B. What can be done to identify such leaders so that they might be gathered in a locale, such as a school?
C. What role does one such leader play in the development and encouragement of other such leaders?
D. How much money does it take to finance a “professional” life-long learner’s needs for learning and should a school supplement that financial need or leave it to the learner?
E. How does a school juggle the issues of time and “load” that compete in a teacher’s life? Can we afford to give them time to be learners themselves, or is that just something they have to find in their leisure?
I think these are really huge issues because they cut right to the heart of our school’s success. I have been struck more and more by the way Independent School Management (for instance) has addressed this issue. They have struck at the monetary issue by saying that a strong, stable, quality school gives 2% of its overall budget toward professional development of its staff. Just to crunch that esoteric percentage into some more meaningful, a school with a $1million budget who has let’s say 20 teaching staff would be investing about $800 per teacher per year in encouraging them and directing them toward being better teachers. I will think aloud about the actual activities that such money could be profitably spent on in other blog. But the notion itself is worthy of discussion. I find it tough to argue against the notion of Professional Development.
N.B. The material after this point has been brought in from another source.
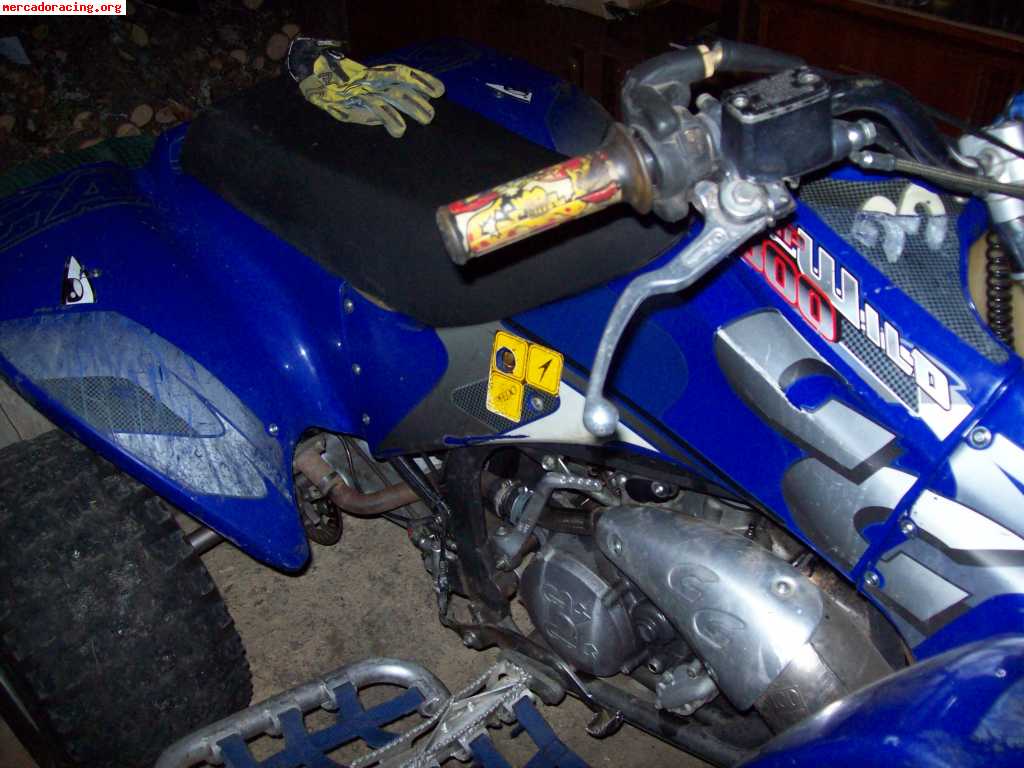 Gas gas hp wild 300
So what forms of PD are necessary and beneficial to a school faculty? There seem to be two extremes with the middle being best. On the one pole there would be the school administration that looked at its faculty and said “what we all need is ____” and filled the PO, sent off the check, and let everyone know that the “expert” was coming, ya’ll be there and sit through it. He might actually have some wisdom at work there if the school is brand new and everyone needs to get on the same page. But the opposite of that seems a pole as well. There would be the Admin who would say, “Hey, we have 20K to spend on your being better at what you do. You each find something you like, ask, and we will set you up with it.” Now, again, some might actually really benefit from their choices, but a number would choose something that fit their comfort zone and did not address real needs because they often don’t see those needs in themselves.
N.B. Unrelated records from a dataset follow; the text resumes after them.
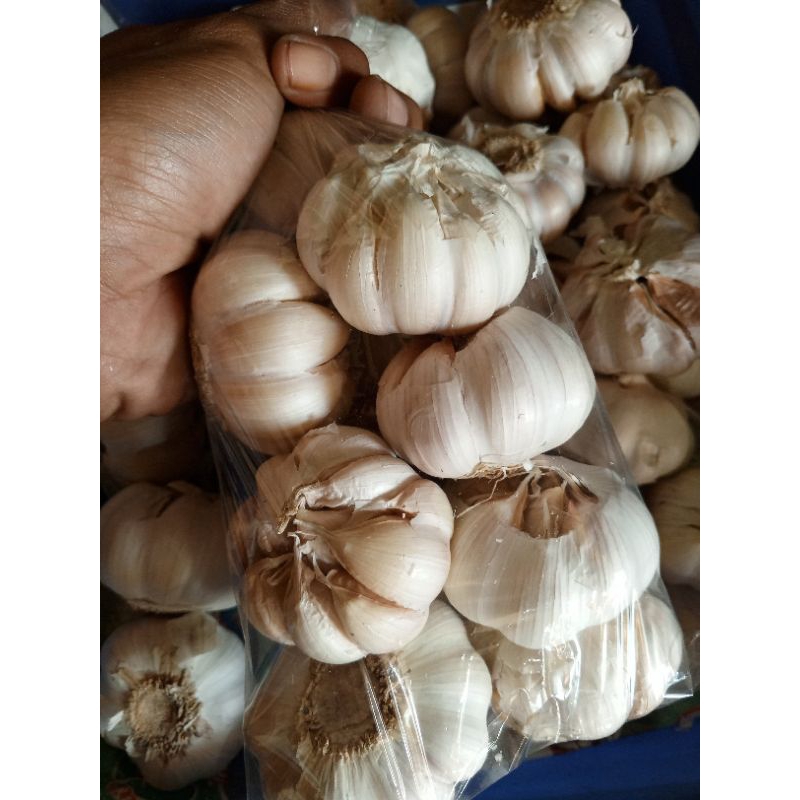 

Bawang Putih Kering 1kg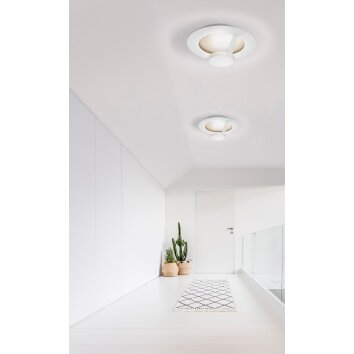 Applique murale Grossmann FLAT LED Brun, Or, Blanc, 1 lumière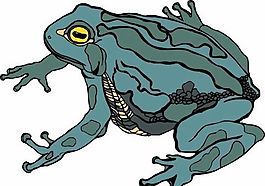 青蛙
So in the middle seems to be the best place. There are some group activities that can scratch where everyone is itching well, then there is some specific needs that only a few or even just one faculty member can benefit from, but in the end make the whole team stronger by strengthening one member. That leads to the notion of intent or objectives. What might be the various objectives for such PD?
A. Content – there is no question that all teachers can benefit by adding more knowledge to their lives, but this is highly individuated and is best done in either small pairings or single learner experiences; classes, if you will.
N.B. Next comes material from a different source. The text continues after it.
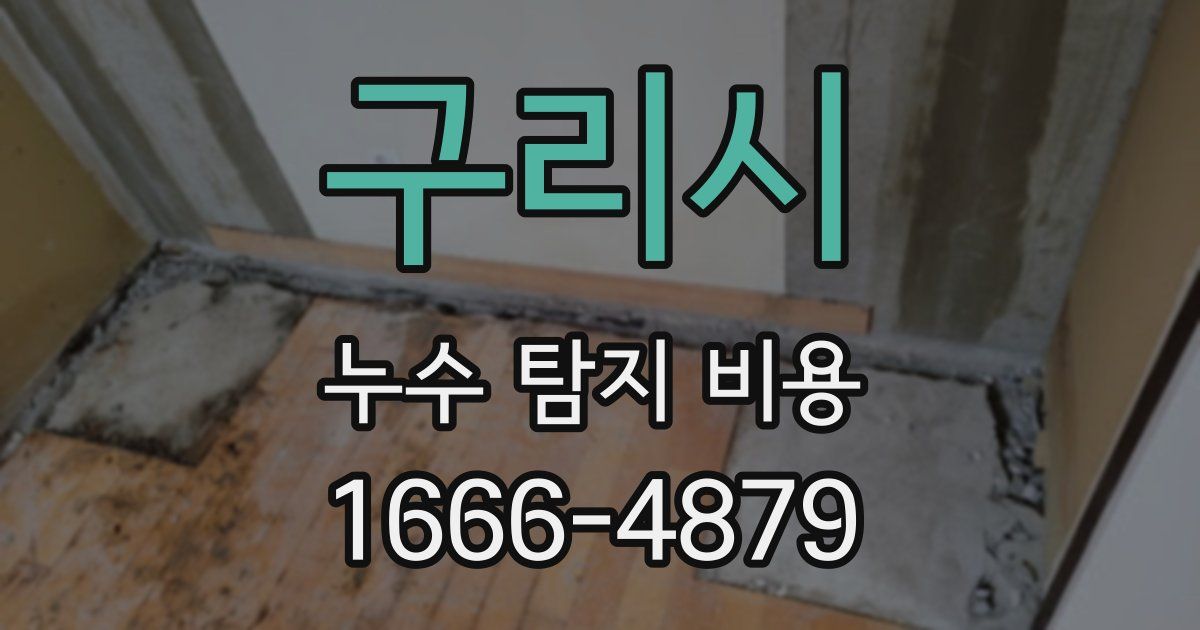 구리시 누수 탐지 비용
B. Concepts – every good faculty will be seeking to better understand the great ideas of their shared community, and to do so in a manner that brings practical agreement demands that they be learned and discussed together. This is where the group thing is powerful, if the leader is using proper facilitation and not simply viewing his role as delivering “content.” He must lead them to the questions, not so much the answers.
C. Habits of teaching: Pedagogy – teachers are thieves in a very good way. We love to learn our art by seeing it modeled by others. We often call these experiences “workshops” or “observations.” This can be achieved by visiting other schools, having master teachers come and model good teaching, and encouraging peers to observe one another within the school. Again, the temptation is to hire someone to come in and try to deliver pedagogy as though it were content. This just does not work. The experience must fit the objective. The learner (teacher) must SEE the model, not have it outlined for them on the whiteboard.
D. Cultural formation / Spiritual unity – The first three objectives are measurable to greater or lesser extent. A report can be generated to show that the objective was met. Now we are in the higher order of faculty development that is very “site specific” and driven way more internally than by bringing in an expert. Faculty must be given time, must make time, must be the kind of people who demand that they talk about student behavior, their own behavior, the day to day joys and headaches of the school, and most importantly are in constant seasons of prayer and spiritual meditation about those things. This is perhaps the essence of a Christian school.
E. Team building / encouragement / trust – I have made this last for two reasons. A) it is the most important, so we have been building toward it, and B) it even more than D gets neglected due to its “subjective” nature. As it is almost impossible to measure, it makes for a hard sell come budget time. If it does not exist, your school is in peril.
I would simply summarize with the adage: “the Faculty are the School.” It is a rule: if the faculty are not life-learners, and allowed to be such by the culture of the school, then the students will not be either.